▸ **PROVIDED RECORDS**
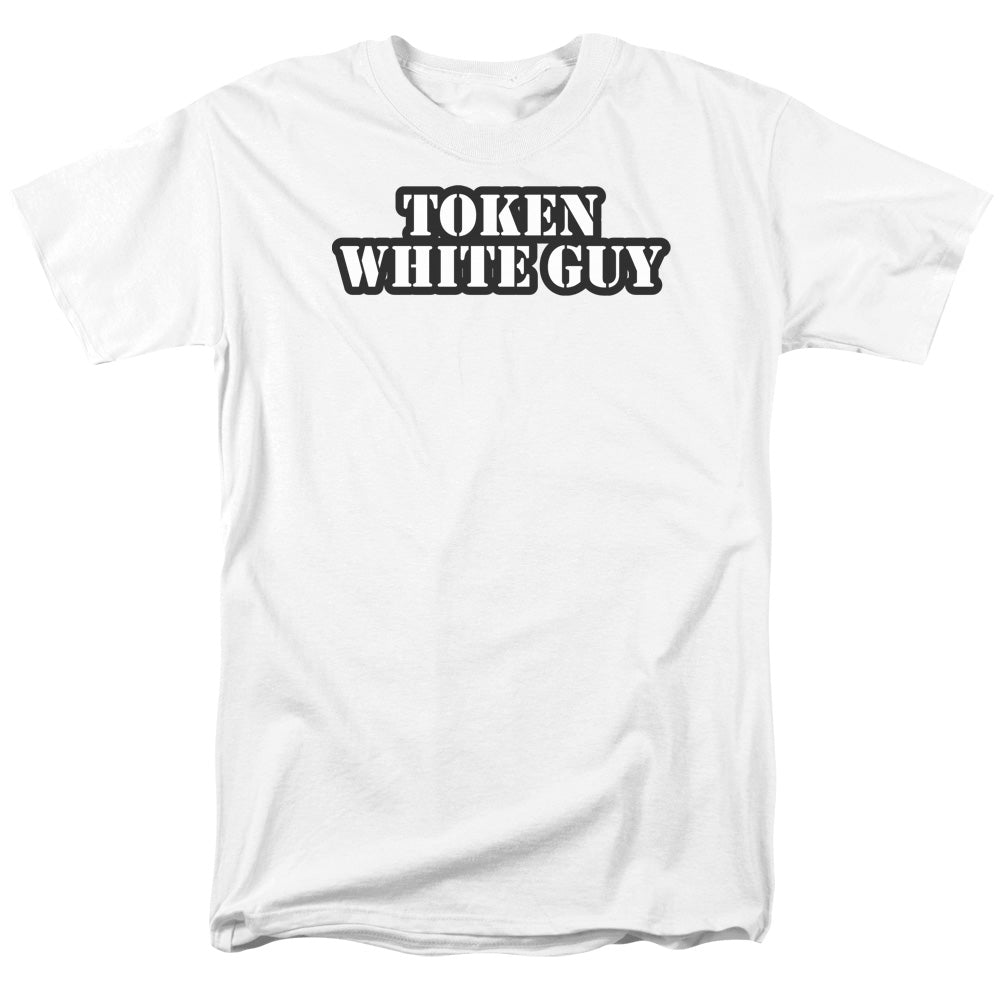 Token White Guy - Short Sleeve Adult 18 - 1 - White T-shirt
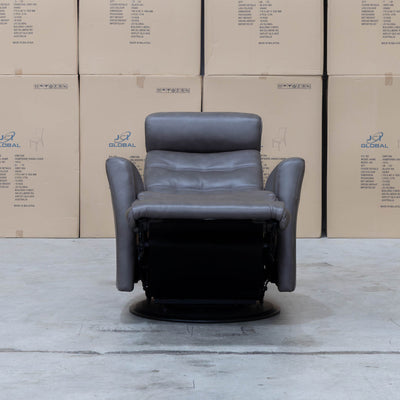 The La-Z-Boy Olav Large Power Rocker Recliner Swivel Chair - Aurora Charcoal available to purchase from Warehouse Furniture Clearance at our next sale event.
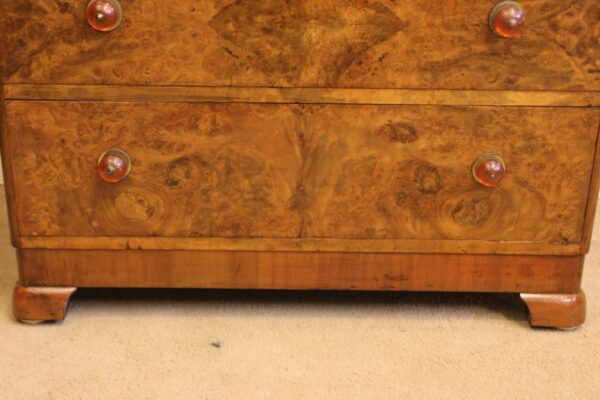 Antique Burr Walnut Chest of Drawers Tallboy Sold - Image 8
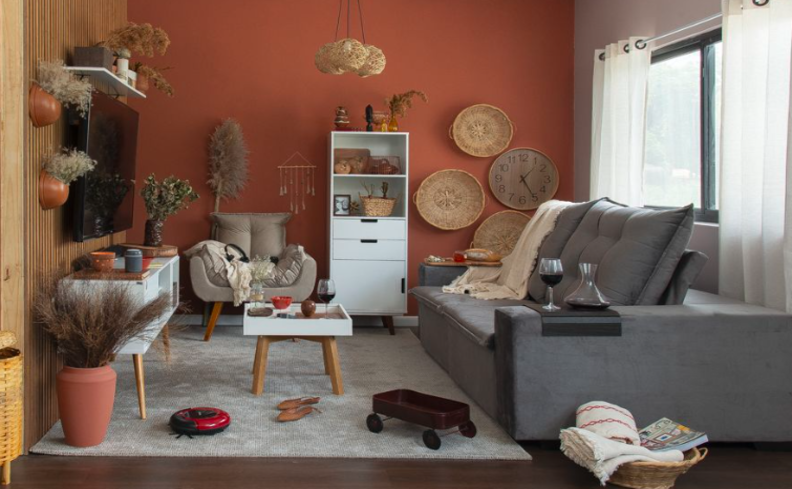 Boho Chic: Cinza e Texturas Para Um Toque Descontraído - ideia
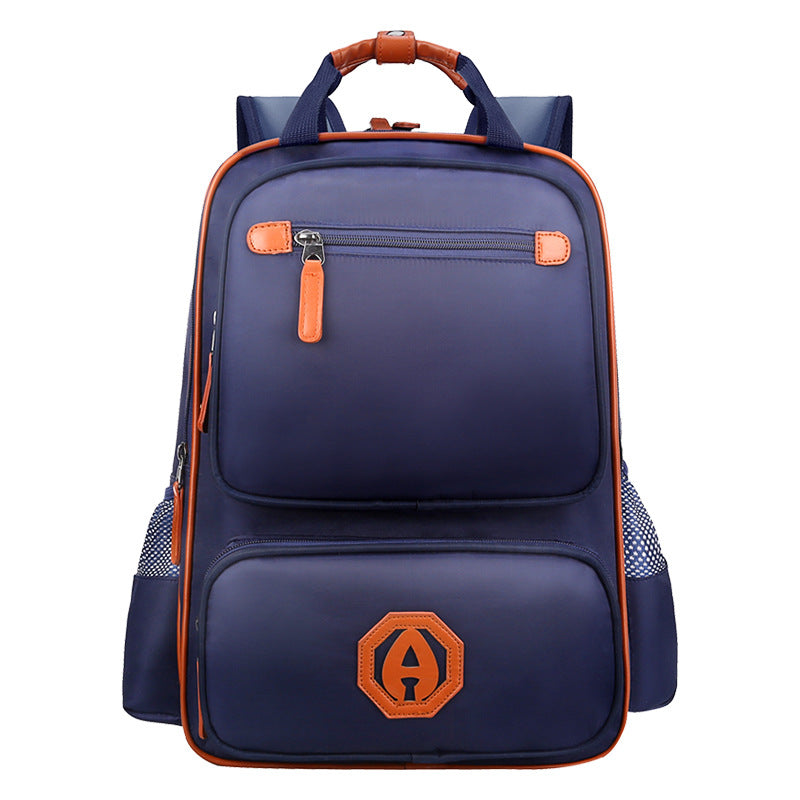 English aristocratic children's schoolbag 6-12 year old schoolbag boys and girls 1-3-5-6 grade super light backpack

▸ **TASK DESCRIPTION**
For each record above, write it out exactly and omit any picture.

▸ **ANSWER FOR THIS EXERCISE**
 Token White Guy - Short Sleeve Adult 18 - 1 - White T-shirt
 The La-Z-Boy Olav Large Power Rocker Recliner Swivel Chair - Aurora Charcoal available to purchase from Warehouse Furniture Clearance at our next sale event.
 Antique Burr Walnut Chest of Drawers Tallboy Sold - Image 8
 Boho Chic: Cinza e Texturas Para Um Toque Descontraído - ideia
 English aristocratic children's schoolbag 6-12 year old schoolbag boys and girls 1-3-5-6 grade super light backpack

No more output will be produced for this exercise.